Natural winter ice isn't a skating rink however. It's allowing whatever water is left to freeze or not freeze as nature intended.
 
The design called for water to remain year round and for the entire bottom to be filled with the stones. I think the latter has been discussed here already.

One of the earlier materials suggested the natural ice could be used for skating (of course this is aspirational as even natural ice requires a lot of maintenance for skating).

Year round water with stone bottom vs an empty pond with concrete floor for half the year is a pretty big difference! Considering the incredible level of detail that goes into designing this thing, it's like building a palace but the front door is from home depot and the front lawn is dirt.

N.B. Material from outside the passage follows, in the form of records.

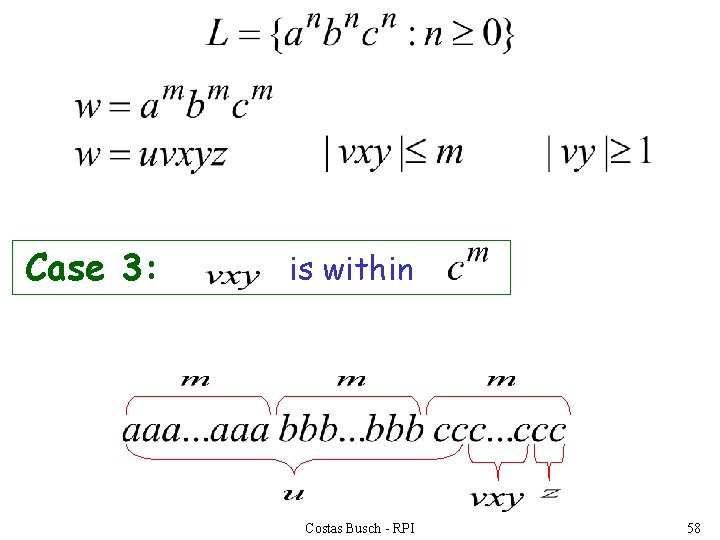 Case 3: is within Costas Busch - RPI 58 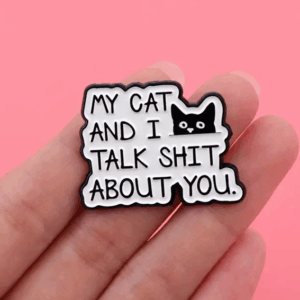 Kattpin – “My Cat and I Talk Shit About You”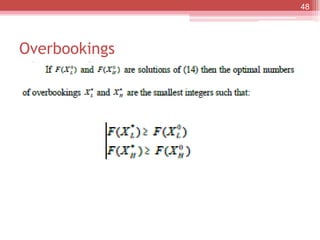 Overbookings
The mathematics
48
 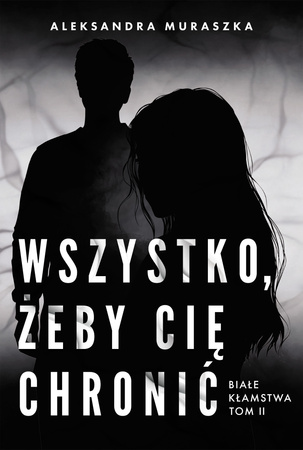 Wszystko, żeby cię chronić. Białe kłamstwa. Tom 2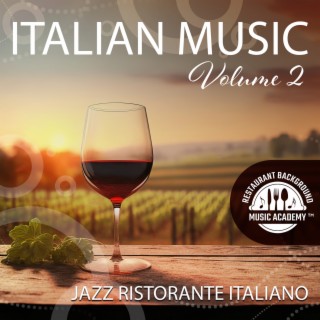 Italian Music: Volume 2, Jazz Ristorante Italiano, Late Dinner in Tuscany with Wine by the Fire, First Love & Slow Passion, Italian Café Jazz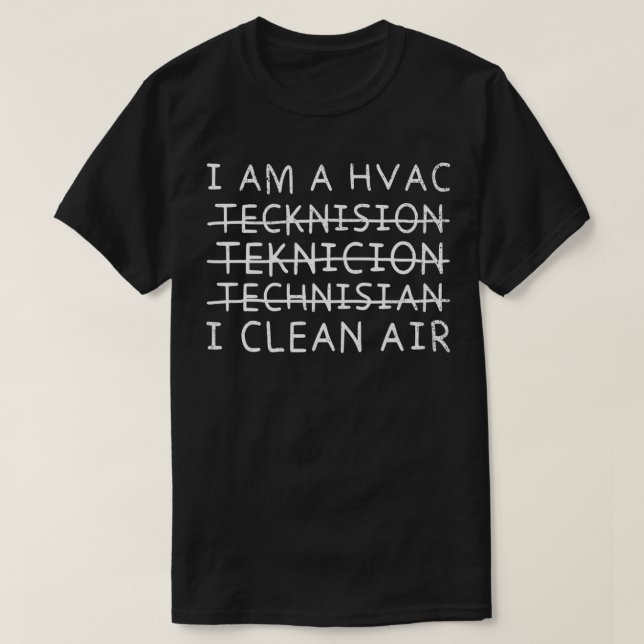 Camiseta Soy Técnico Tecnológico de HVAC Aire Limpio Funny  (Diseño del anverso)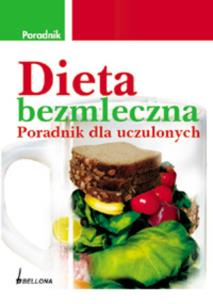 Okładka książki Dieta bezmleczna - poradnik dla uczulonych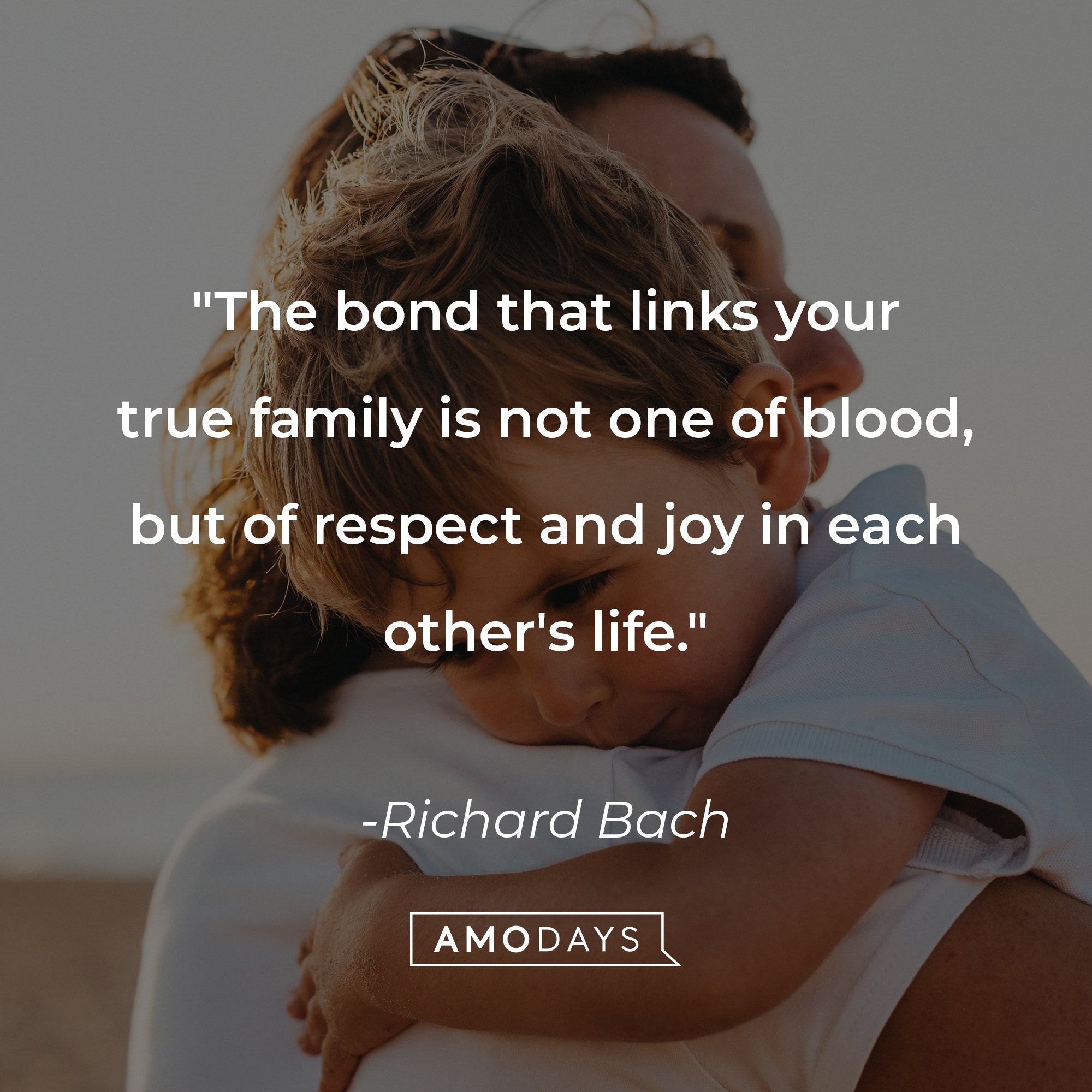 Richard Bach's quote: "The bond that links your true family is not one of blood, but of respect and joy in each other's life." | Image: AmoDays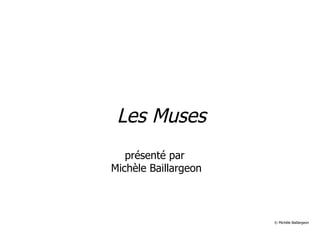 Les Muses présenté par  Michèle Baillargeon © Michèle Baillargeon 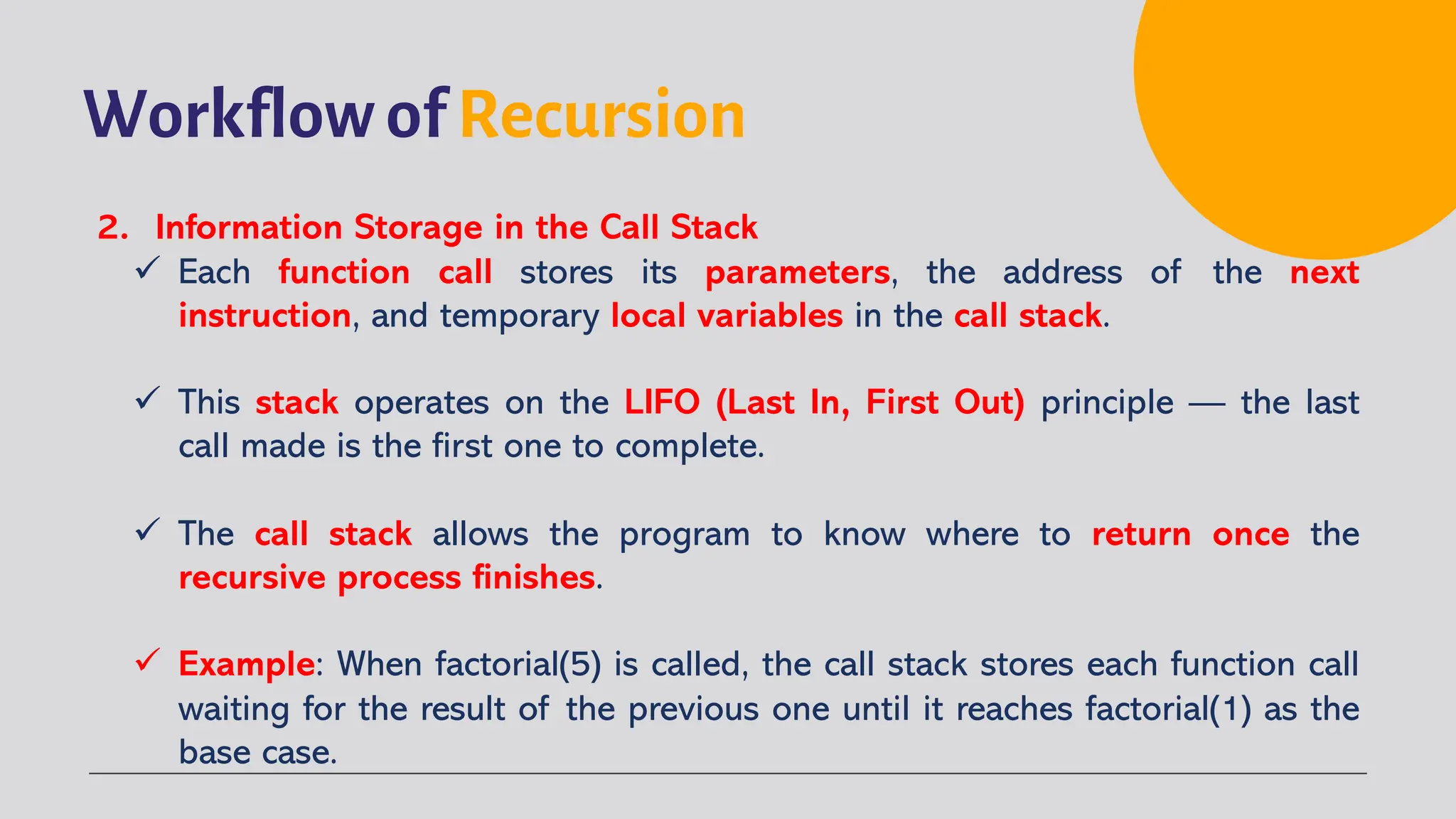 Workflow of Recursion
2. Information Storage in the Call Stack
ü Each function call stores its parameters, the address of the next
instruction, and temporary local variables in the call stack.
ü This stack operates on the LIFO (Last In, First Out) principle — the last
call made is the first one to complete.
ü The call stack allows the program to know where to return once the
recursive process finishes.
ü Example: When factorial(5) is called, the call stack stores each function call
waiting for the result of the previous one until it reaches factorial(1) as the
base case.
 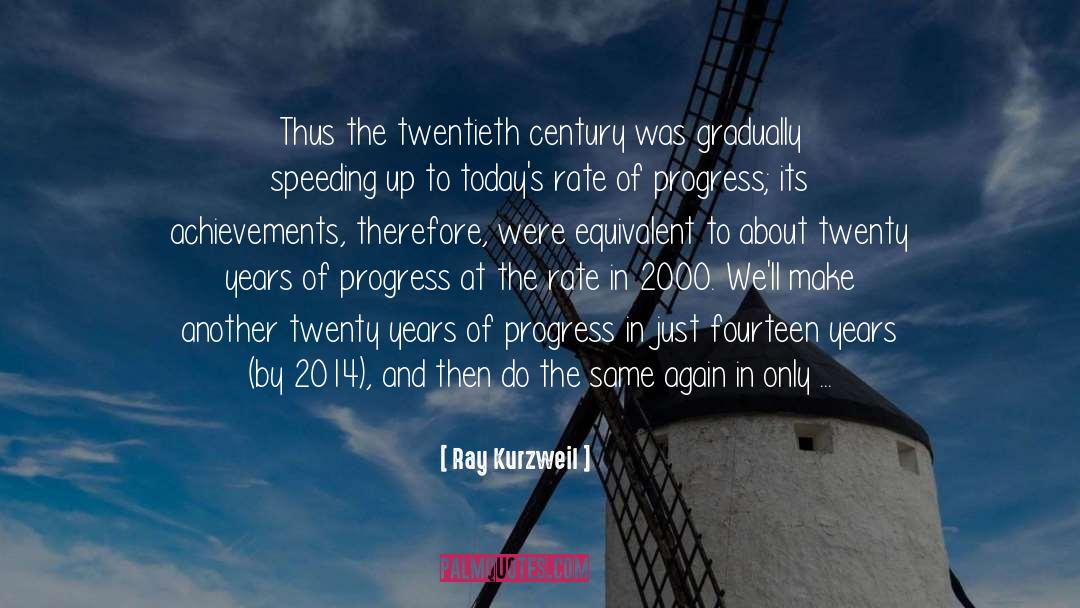 Ray Kurzweil Quotes: Thus the twentieth century was
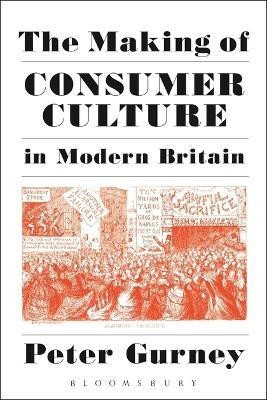 The Making of Consumer Culture in Modern Britain(English, Electronic book text, Gurney Peter)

A huge consideration for the designers is how the park will be used. How will people use the empty concrete pond? graffiti, skateboarding. a truly interesting experiment

the attached are from Waterfront TO.


View attachment 520694View attachment 520695

I think it's pretty clear they pulled back on the year round water plan. The entire summer and fall that the park has been open, the water level observed in the pond was the "winter" level, never approaching the higher summer line that's meant to go right up to the red tiling. This is pretty clear in all the photos posted here and elsewhere. It's a shame too, was looking forward to seeing it freeze over naturally.
 
I always thought this pond idea was not practical but got attacked and called strange for a differing opinion
It's costlier to maintain an artificial pond park compared to a natural one, when the city is underfunded and has no budget
So I guess plans have changed and no year-round pond?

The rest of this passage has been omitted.